AP JAK inhibitors have not yet shown disease-modifying activity, but they do produce significant symptom palliation in MF, which is a notable achievement in this patient population. An improved JAK inhibitor—such as one with better JAK2 mutant wild-type selectivity or less off-target kinase inhibition—may not, when used as monotherapy, fare better than currently available drugs, due to the molecular and clonal complexity of MF. However, there is room to improve the side effect profile of JAK inhibitors, particularly regarding myelosuppression. It may be possible to attenuate treatment-emergent anemia by combining JAK inhibitors with other drugs (pomalidomide, androgenic agents, recombinant erythropoietin) that have erythropoietic activity, without overlapping toxicities. Removal of FLT-3 inhibitory activity from some drugs (CEP-701, SAR302503) could lessen gastrointestinal toxicities. Regarding an optimal starting dose, I favor a predefined, dynamic schedule that triggers dose changes based on specific response and toxicity criteria. Treatment can begin with an induction dose to maximize response (particularly splenomegaly), followed by a lower maintenance dose; this approach has led to alleviation of treatment-emergent anemia with SAR302503.

H&O What do you think is next in the treatment of MF?

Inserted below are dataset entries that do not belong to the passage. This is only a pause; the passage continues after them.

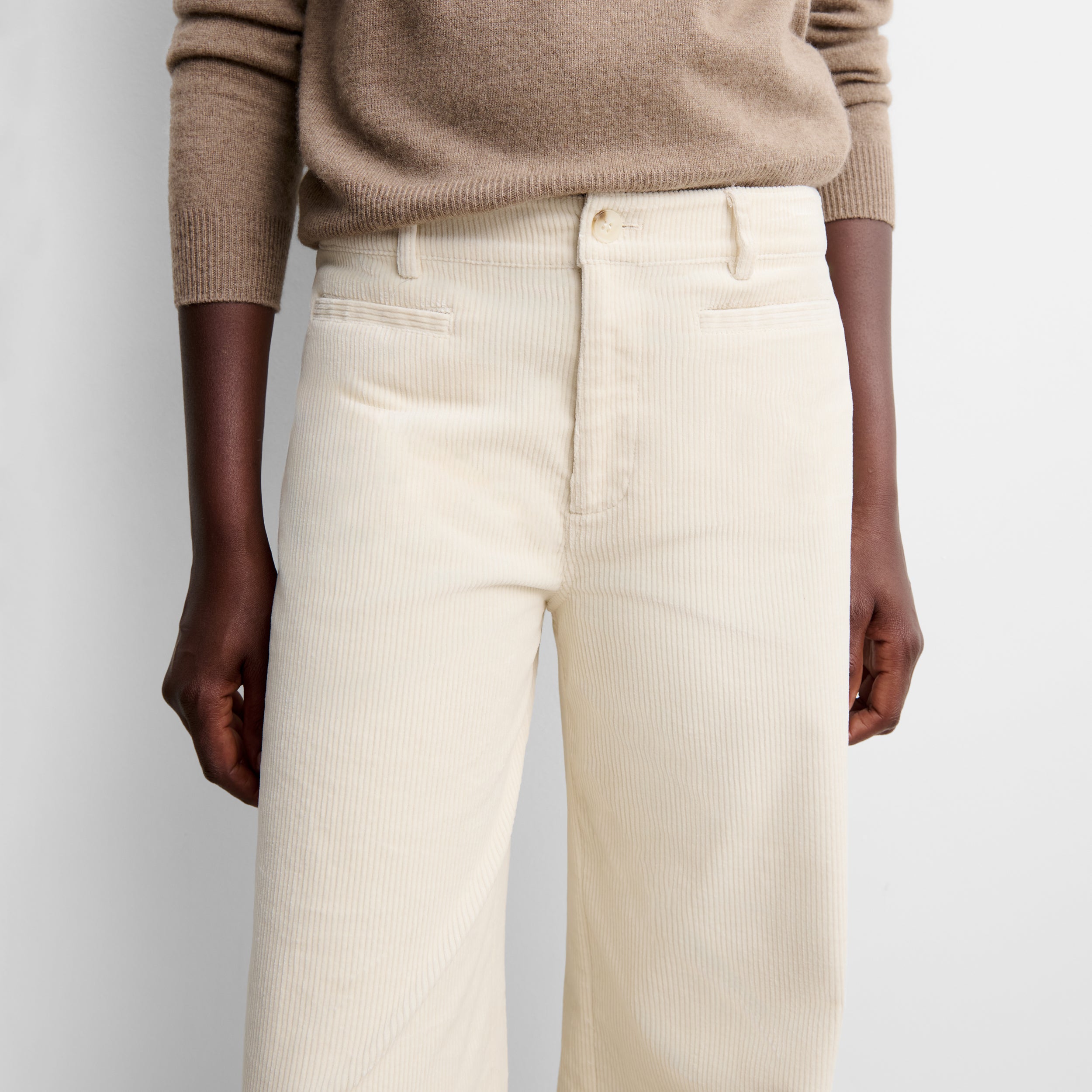 Pantalon droit en velours côtelé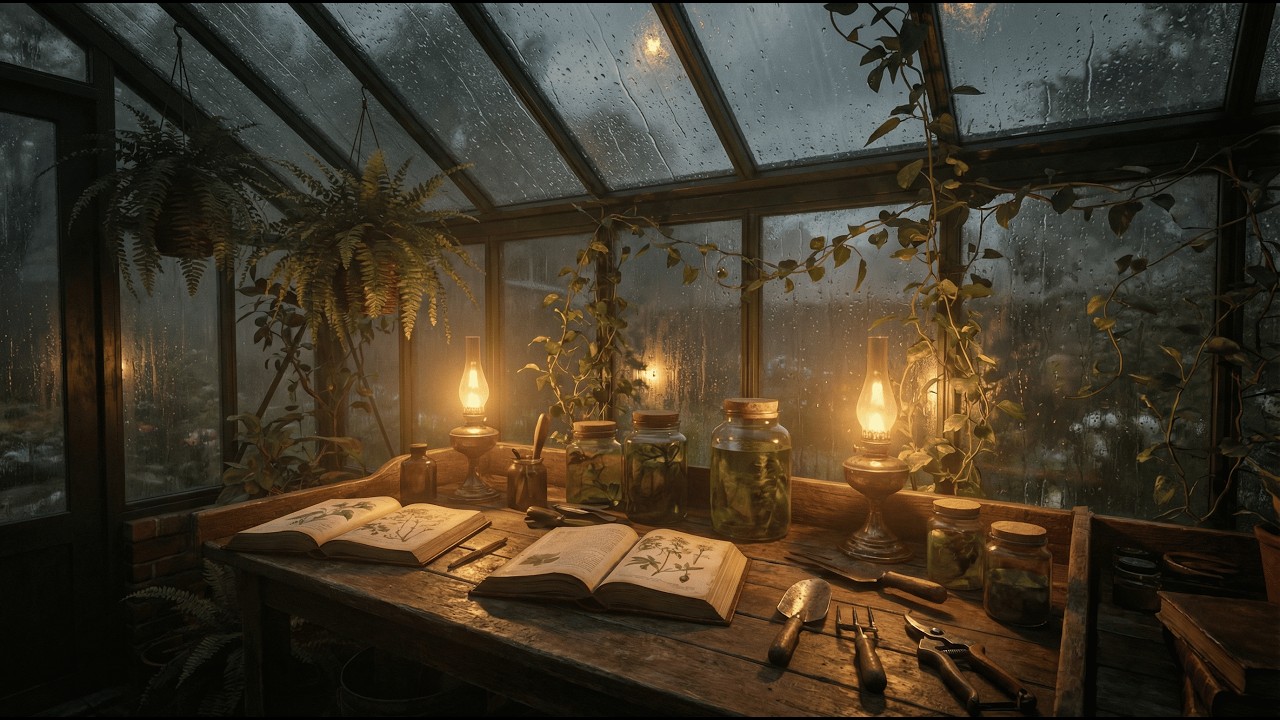 Poison Garden Greenhouse - Heavy Rain on Glass & Dark Acoustic Music [1 Hour]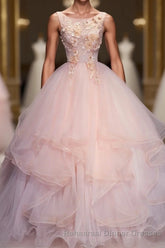 Pink Round Neck Tulle Lace Long Semi Formal Prom Dress, Lace Semi Formal Prom Dress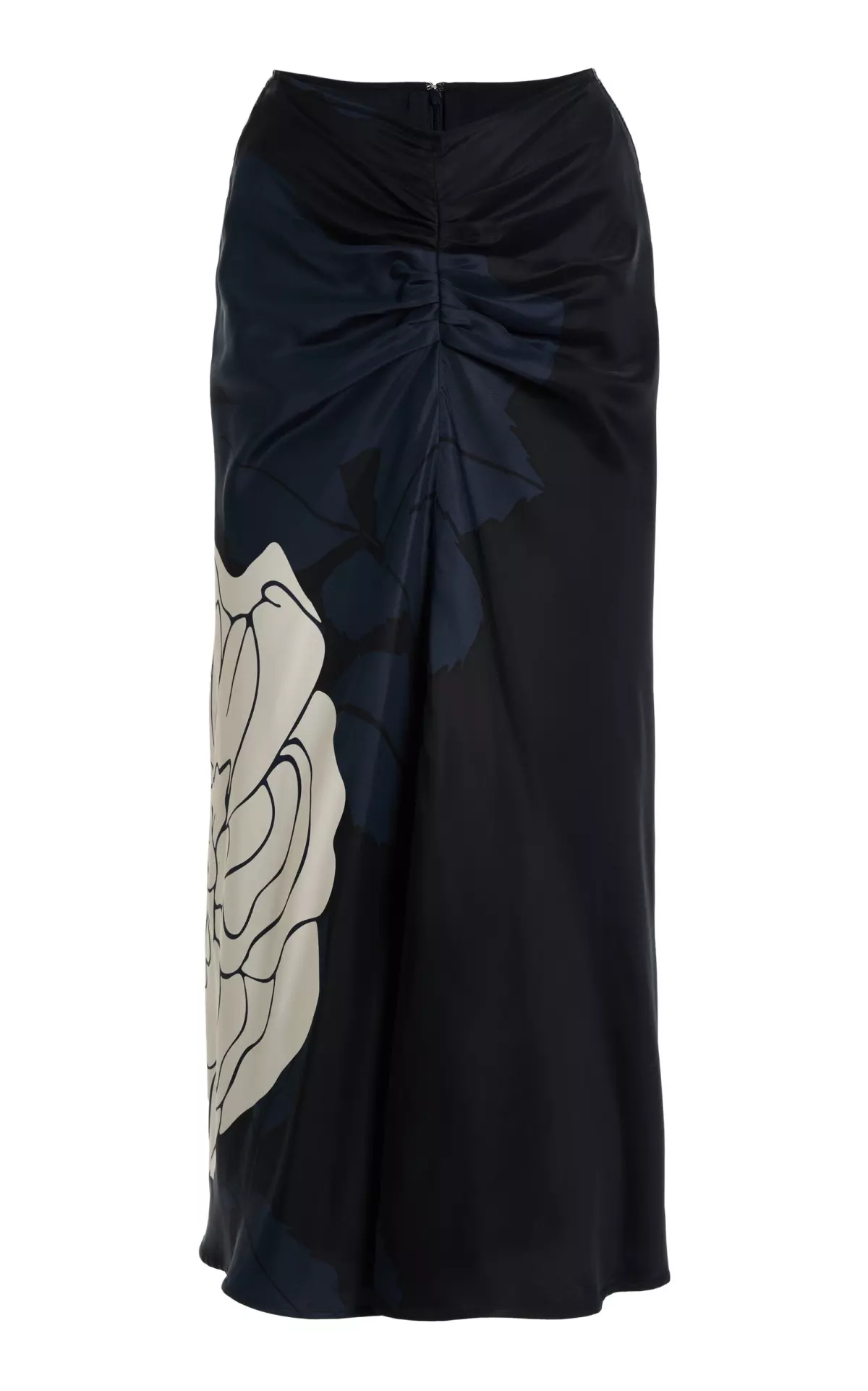 Rose-Print Satin Midi Skirt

AP Although the development of JAK inhibitors constitutes an important advance in MF therapy, one has to look beyond this class of drugs, given their inability thus far to achieve complete remission. Pomalidomide has shown significant anti-anemia activity in MF in preliminary studies, and an ongoing, phase III, randomized study of pomalidomide versus placebo should further clarify its activity for this indication. Other drugs under investigation for MF therapy include histone deacetylase (HDAC) inhibitors, PI3K/Akt/mammalian target of rapamycin (mTOR) inhibitors, hypomethylating agents, hedgehog pathway inhibitors, and others (eg, bevacizumab [Avastin, Genentech], plitidepsin [PharmaMar], GS-6624). Finally, new information on the prognostic value of specific plasma cytokines in primary MF, and the demonstration that clinical benefit with JAK inhibitor therapy is correlated with downregulation of proinflammatory cytokines (eg, ruxolitinib) support further evaluation of targeted anti-cytokine therapy.

Suggested Readings

Pardanani A, Gotlib JR, Jamieson C, et al. Safety and efficacy of TG101348, a selective JAK2 inhibitor, in myelofibrosis. J Clin Oncol. 2011;29:789-796.

Verstovsek S, Kantarjian H, Mesa RA, et al. Safety and efficacy of INCB018424, a JAK1 and JAK2 inhibitor, in myelofibrosis. N Engl J Med. 2010;363:1117-1127.

Pardanani A, Vannucchi AM, Passamonti F, Cervantes F, Barbui T, Tefferi A. JAK inhibitor therapy for myelofibrosis: critical assessment of value and limitations. Leukemia. 2011;25:218-225.

Tefferi A, Litzow MR, Pardanani A. Long-term outcome of treatment with ruxolitinib in myelofibrosis. N Engl J Med. 2011;365:1455-1457.